The massacre took place on Feb. 26, 1860, when settlers from Eureka, armed
with clubs, hatchets and knives, paddled a boat quietly through the early
morning hours to the island, which is the center of the Wiyot world.
Hundreds of slumbering people were murdered, mostly elders, women and
children.

At that particular time, the Wiyot were in the midst of their World Renewal
Ceremony, which lasts about 10 days. Most of the men had left to collect
supplies for the others in order to finish the ceremony. Two other Wiyot
massacres also occurred that day, one at the South Spit of Humboldt Bay and
another at the mouth of the Eel River.

Wiyot Chairman Cheryl Seidner, of the Table Bluff Reservation, is the
great-great-granddaughter of Jerry James, the lone surviving infant of the
island massacre. One of the purposes behind the annual vigil is to bring to
light the fact "that there was no justice for their deaths," said Seidner.

Even though the murderers were never prosecuted, Seidner vows there is no
animosity as she and her tribe work to restore and protect the island and
Tuluwat Village, a historic Wiyot site on the island.
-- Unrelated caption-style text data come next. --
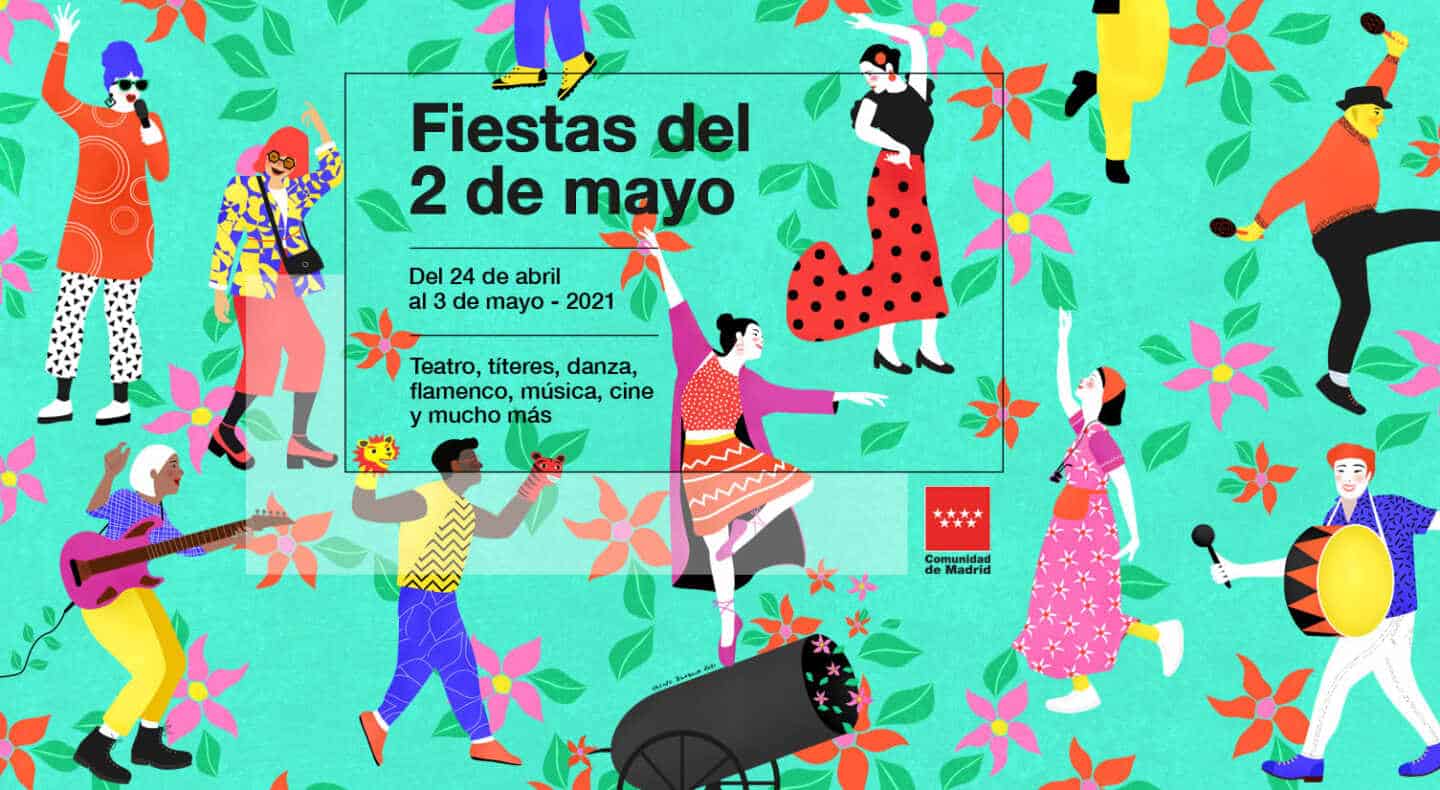 Cartel de las fiestas del 2 de mayo en la Comunidad de Madrid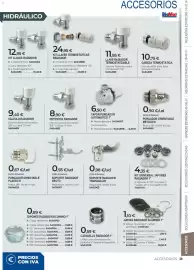 Catálogo BigMat Página 29: Tapón purgador automatico 1" €6,50, Soporte radiador recto €0,93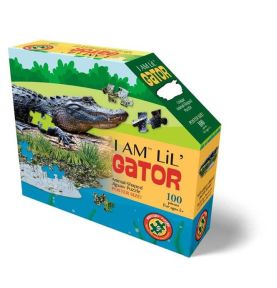 MADD CAPP,  Puzzle konturowe I AM LIL' - Aligator 100 elem.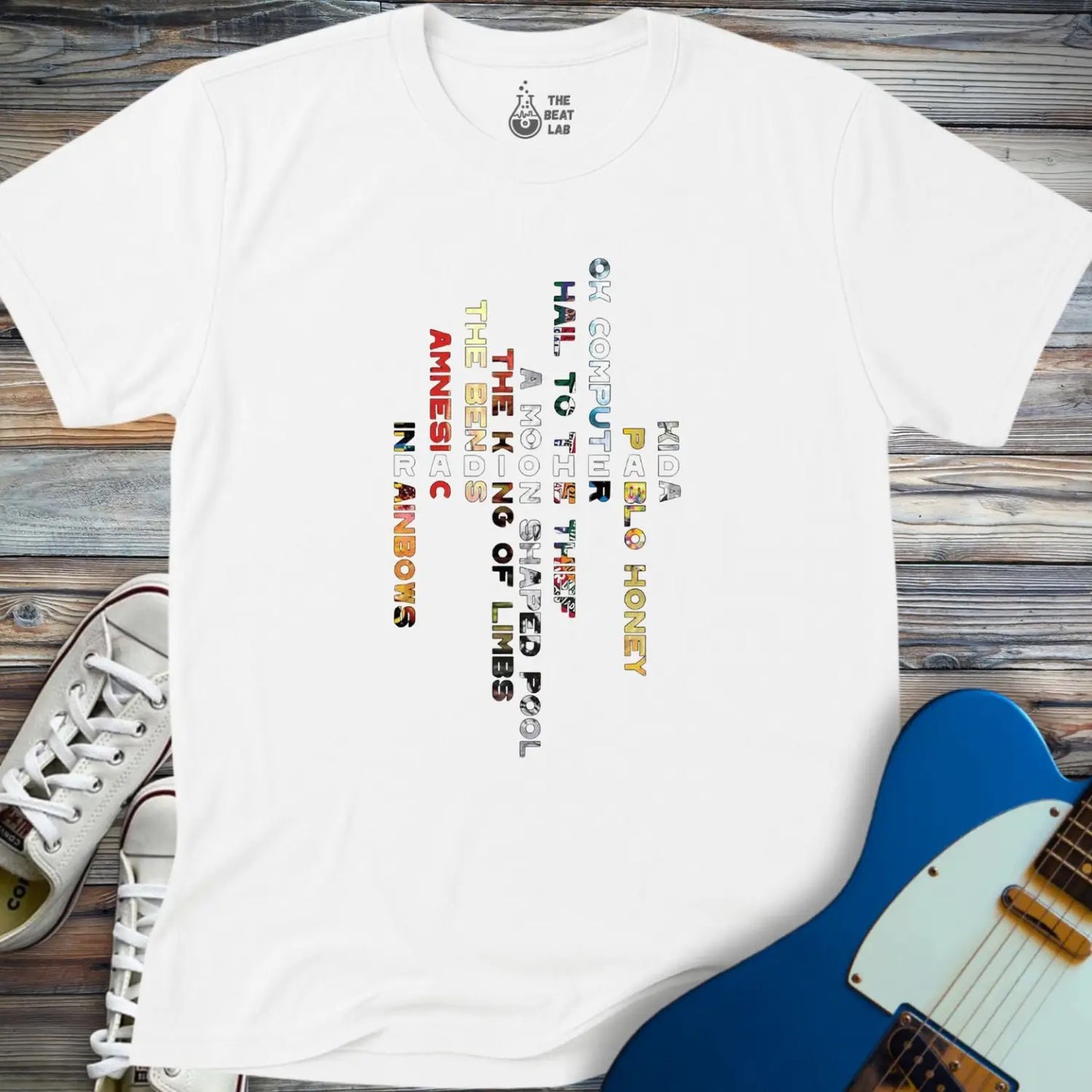 Radiohead Albums T-shirt - White / S - T-Shirt
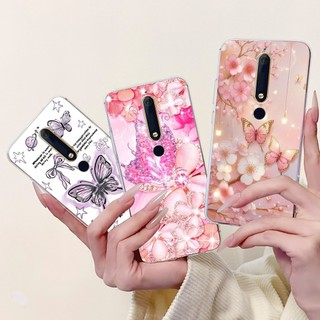 Ốp Lưng Cho Nokia 6.1 / Nokia 6 2018 Ốp Lưng Thời Trang Hoa Bướm Silicon Mềm Cho Nokia6 2018 TA-1068 Ốp Lưng Chống Sốc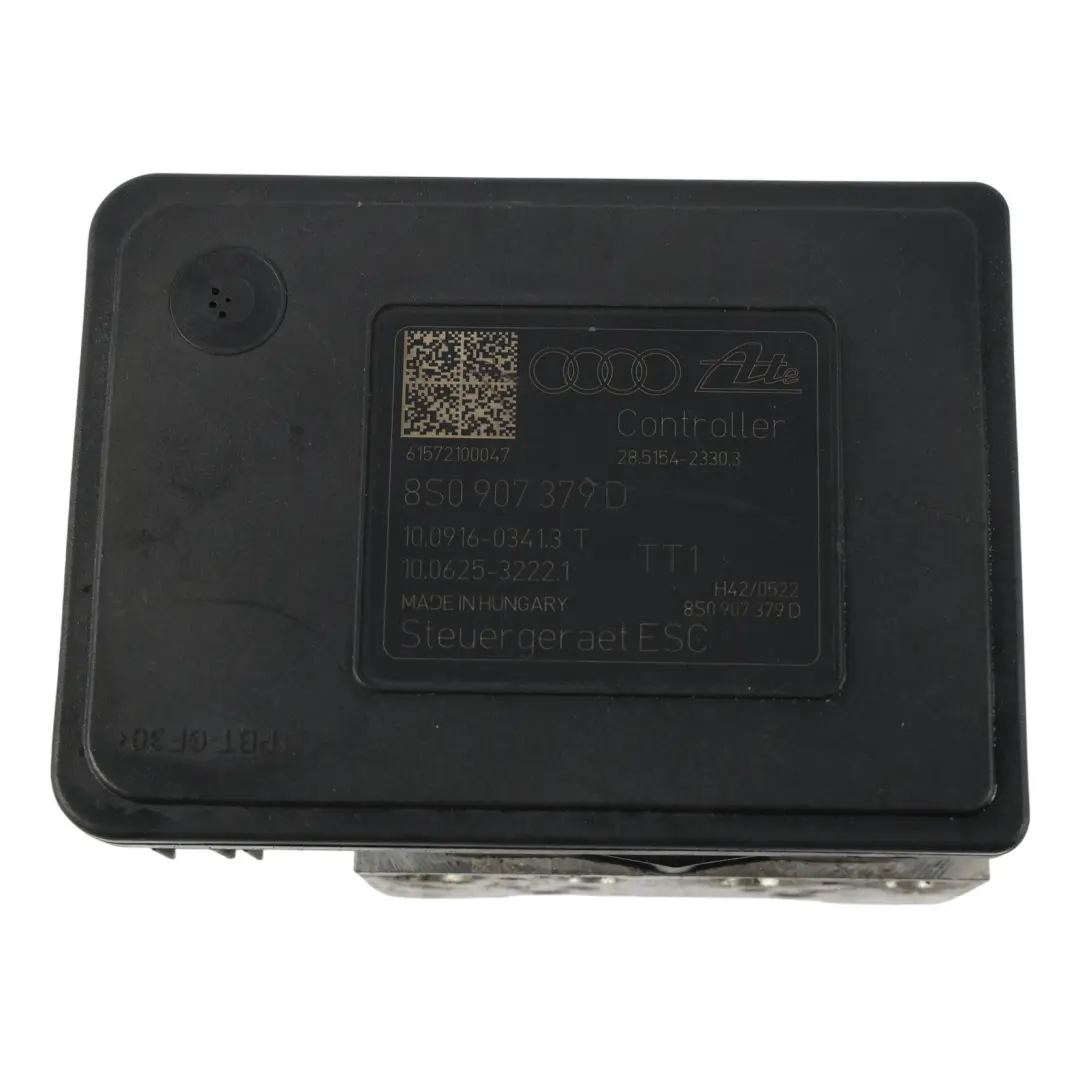 Modulatore Pompa ABS Unità Controllo 8S0614517D per Audi TTS FV con numero di parte 8S0907379D Audi TTS FV Modulatore Pompa ABS Unità Controllo 8S0614517D - SKU 8S0907379D - Numero di parte 8S0907379D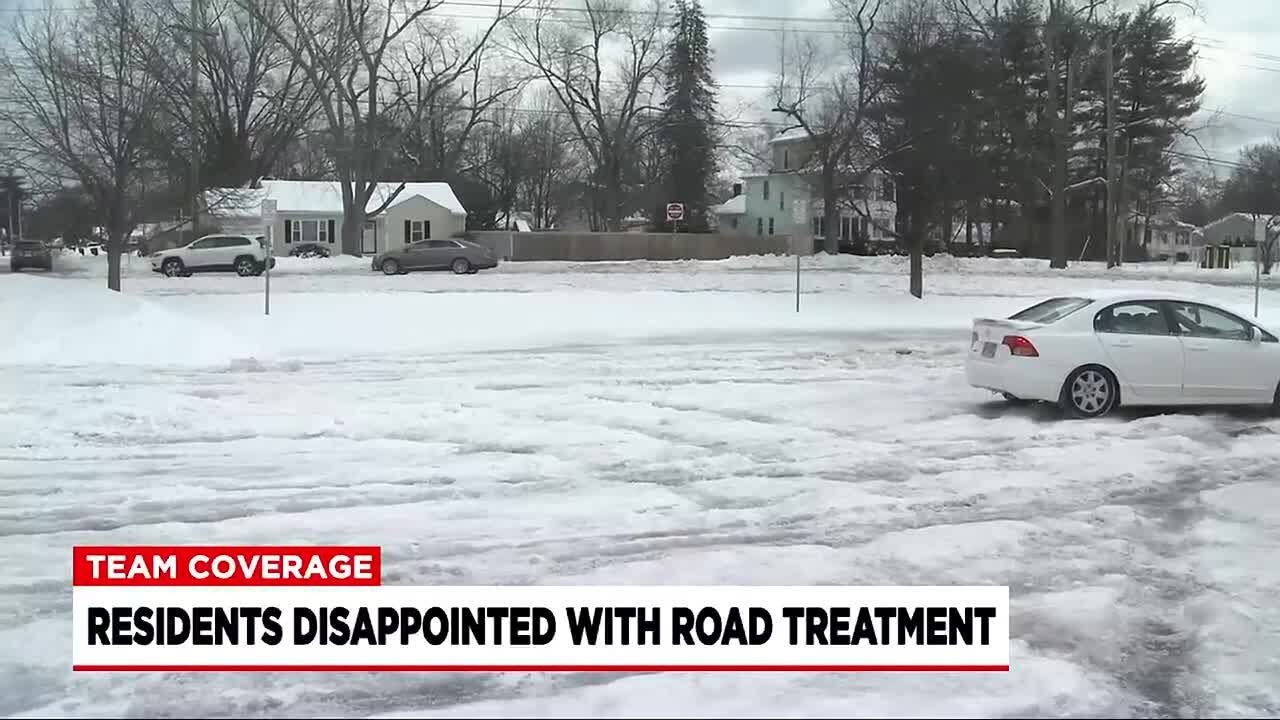 DPW official responds to concerns over icy road conditions - YouTube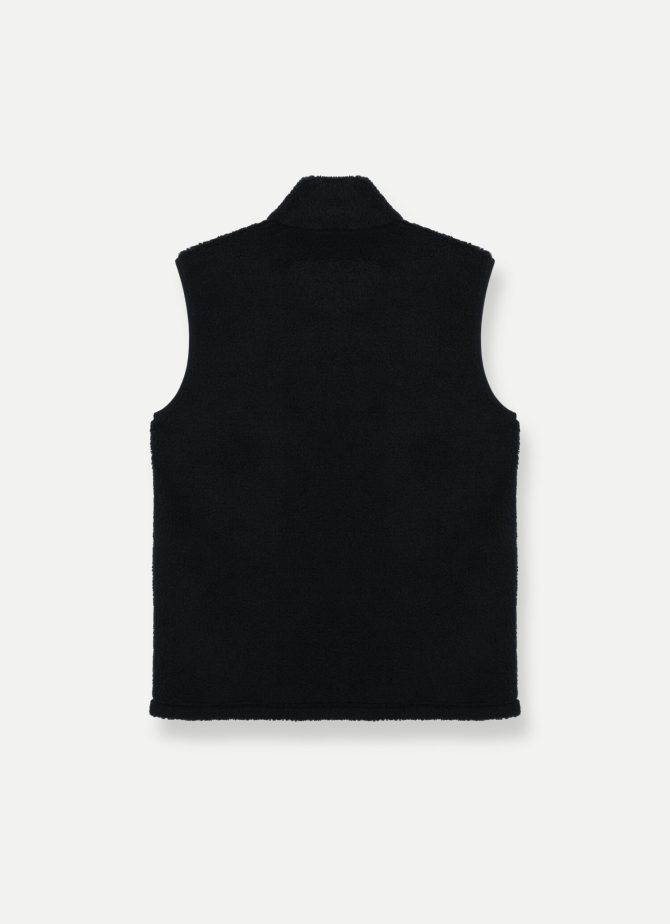Teddy-effect full-zip gilet - Image 5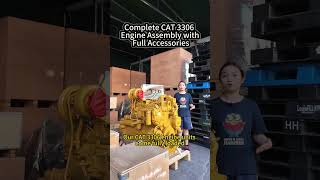 Complete CAT 3306 Engine Assembly with Full Accessories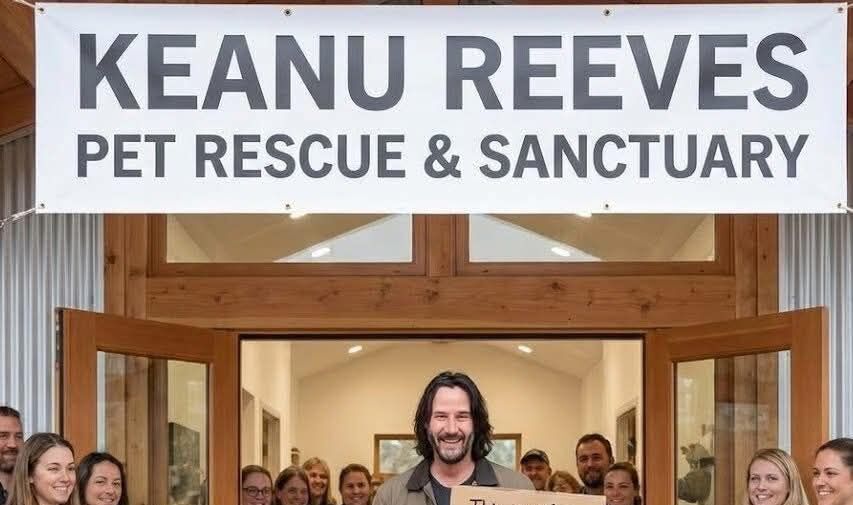 Открытие приюта Ривзом оказалось фейком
Seidner and the tribe
have worked tirelessly to regain what was taken from them 146 years ago.

After years of battling with the federal government, the Wiyot Tribe was
recognized in 1990. The tribe held fund-raising events and was able to save
$106,000 to purchase 1.5 acres of the island from the city of Eureka in
2000. Then, with great fanfare in June of 2004, the city donated more than
60 acres of the 275-acre island back to the tribe.

Not long after the massacre, the island became the site of a shipyard and
remained so throughout the next 100 years, leaving it environmentally
compromised. Chemicals such as solvents and creosote were used for
repairing boats and need to be cleaned up, along with tons of scrap metal
and dilapidated, abandoned buildings.

To be sure, the Wiyot have had their work cut out for them. "The cleanup is
slow but steady," said Seidner. "We hope by the end of this year we will
have completed this portion of the task. We have received grants from
public and private agencies and individuals that have made it a
possibility."

According to the tribe's Web site, the island is the largest single piece
of salt marsh in Humboldt Bay for the habitat of such native species as
shellfish, plants, fish and birds. Tribal leaders are exploring ways to
restore the natural waterways, which would allow the bay to interact more
naturally with the tidal marsh area and thereby increase native plant and
fish populations. Man-made dikes and channels have diverted the natural
elements, which has caused erosion of the site.

Restoration plans for the island include protecting the sacred burial
grounds and shell midden of the village site, said to be 1,000 years old
and covering an estimated six acres. For much of the last century, grave
robbers have freely pillaged the site. Ongoing efforts are aimed at
preserving what is left of Wiyot history.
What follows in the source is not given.